A post concerning Boris’ departure from Parliament

The problem with supremacy, by its fundamental nature, is that it is absolute. Supremacy cannot be shared. You have it, or you don’t. It’s all to do with power.

We have always revered power and order. That is why we have Kings, Prime Ministers and Parliaments. We crave to know who tops the order – to fear, to revere; to challenge or to obey. Battles for supremacy are as old as time itself. Conflict between former Prime Minister Boris Johnson and Parliament comes as no surprise.

Regular readers of my blog may recall two previous posts relating to the exercise of power – from September 2019 concerning Boris Johnson’s prorogation of Parliament; and November 2022 relating to Prime Ministers’ use of prerogative powers.

The proroguing issue concerned a legal challenge to the government by Gina Miller, determined in the Supreme Court with a judgment from former President Brenda Hale. Miller’s case was that the Boris Johnson had sought to remove parliament’s oversight of Brexit by ‘standing Parliament down’ for an extended period. The Supreme Court determined that this was unlawful. Parliament was sovereign – it alone held the ultimate authority and could not be shut down by the executive. Hale LJ put it thus, ‘The sovereignty of Parliament would… be undermined as the foundational principle of our constitution if the executive could, through the use of the prerogative, prevent Parliament from exercising its legislative authority for as long as it pleased’.

The prerogative powers, formerly held exclusively by Kings but now wielded by their Prime Ministers again came under scrutiny by former Lord Chief Justice Igor Judge, when discussing Prime Ministerial appointments to the House of Lords, and PM Liz Truss’ attempt to exercise presidential powers, forcing through fiscal measures without Parliamentary oversight and ratification.

To consider the back-story of the struggle for supremacy we need to return to 1610 and King James I, son of Mary Queen of Scots.

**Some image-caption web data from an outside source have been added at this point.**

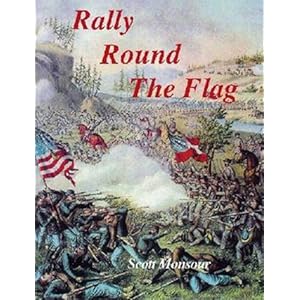 Rally Round the Flag Scott Monsour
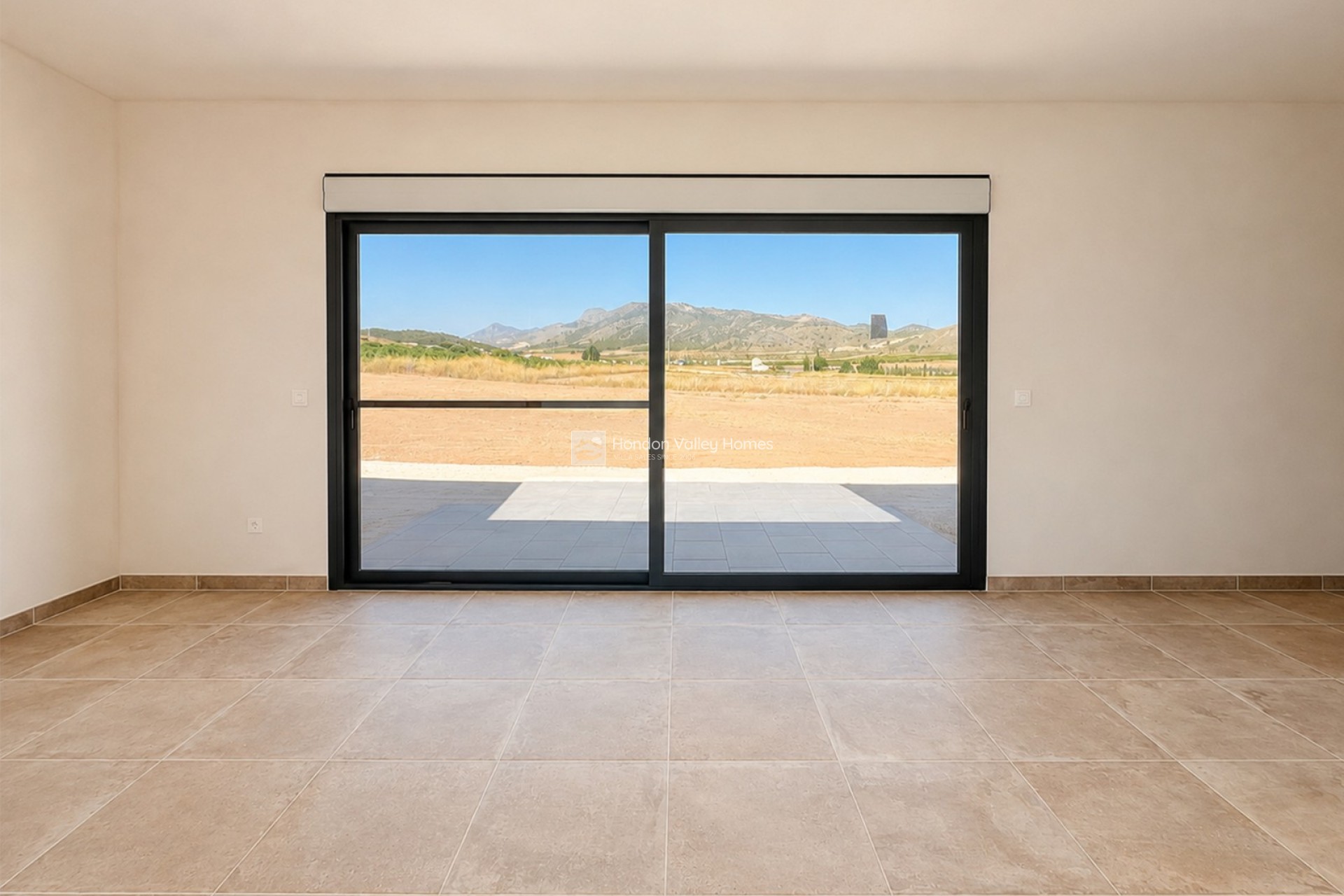 New Build / Off-Plan - Villa - Canada de la Lena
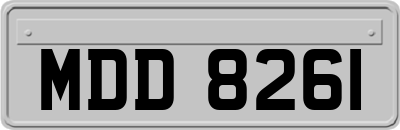 MDD8261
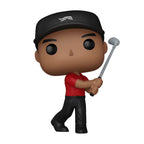FUNKO POP! GOLF SUN DAY RED TIGER WOODS no05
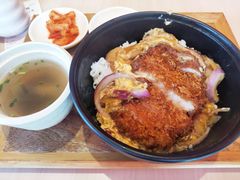 猪汃盖浇饭-味千拉面(东方明珠店)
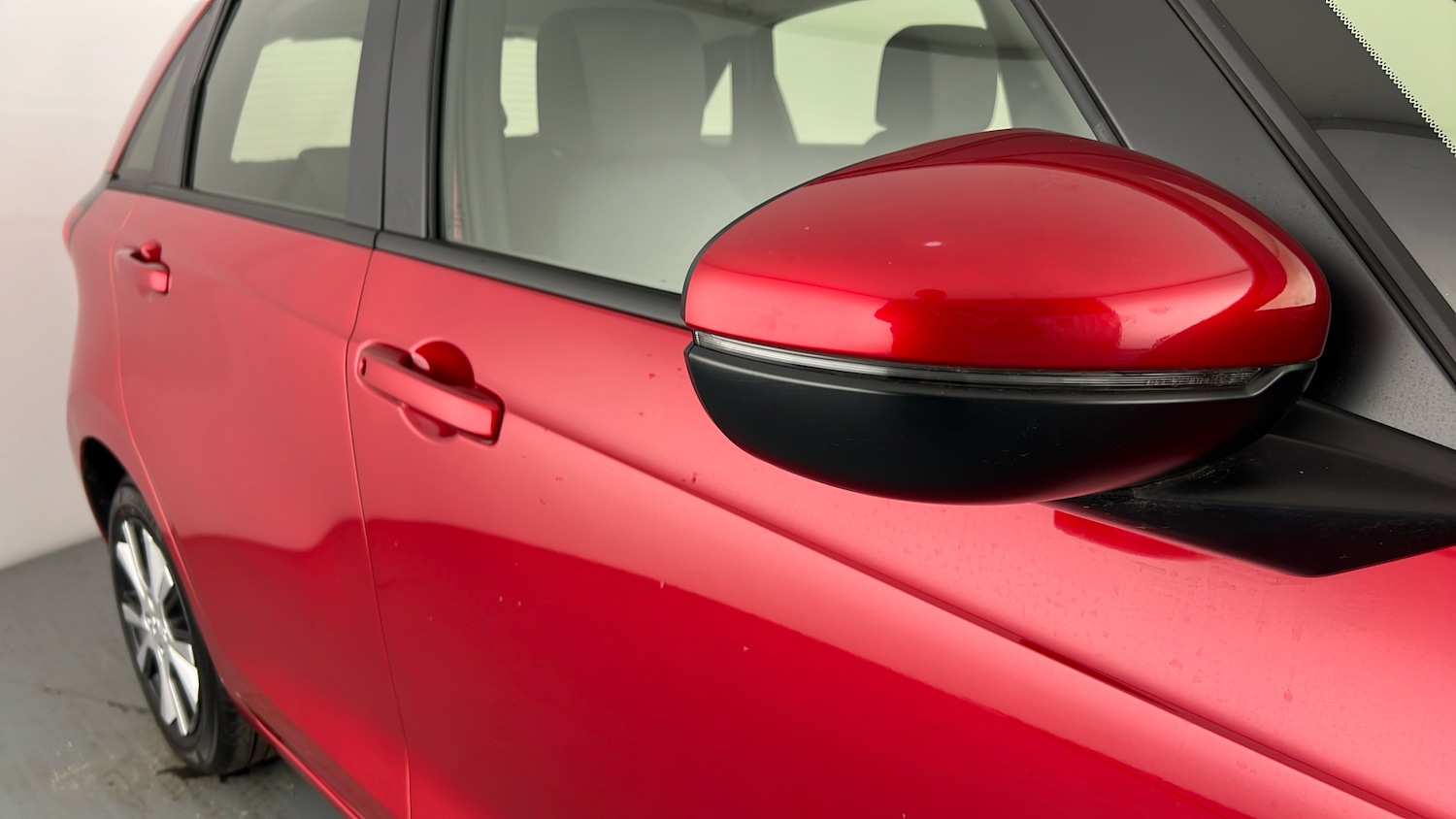 Used Honda Jazz 2025 for sale - 76563662: Photo 26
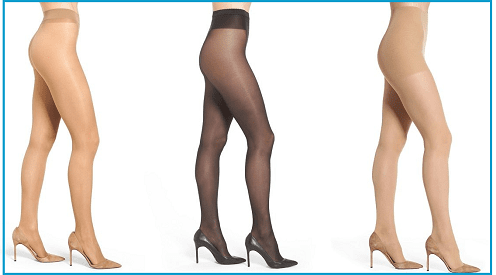 How to Wear Stockings, Pantyhose, or Nylons (Without Ripping Them!)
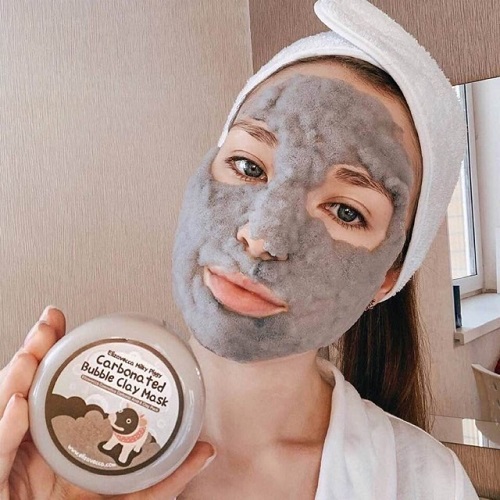 Review 6 mặt nạ thải độc từ thiên nhiên an toàn cho mọi làn da 2025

His battle was with Lord Chief Justice Edward Coke in the cases of ‘Dispensing Power’ and ‘Prohibitions del Roy’, the latter reported at [1607] EWHC KB J23. In Coke’s case notes (page 126 & 38) he wrote,

in Things which are not incident solely and inseparably to the Person of the King, but belong to every Subject, and may be severed, there an Act of Parliament may absolutely bind the King’…..The law of England is divided into three parts, common law, statute law and custom; but the King’s proclamation is none of them … and it was resolved that the King had no prerogative, but that which the law of the land allows him‘.

It is possible that legal history will report on ‘Partygate’ with more elegance than does currently the popular press. The House of Commons Committee of Privileges, representing the supremacy of Parliament, concluded that Parliament had been deliberately misled. Johnson’s assertion of ‘Kangaroo court’ to Parliament’s right to regulate itself was seen off. Had he not resigned he would have been suspended and likely expelled by his electorate under s.14 Recall of MPs Act 2015.

Boris Johnson’s challenge was not to a random committee, but to a sovereign Parliament. Perhaps this is why his departure from front-line politics was inevitable, and proves more than timely?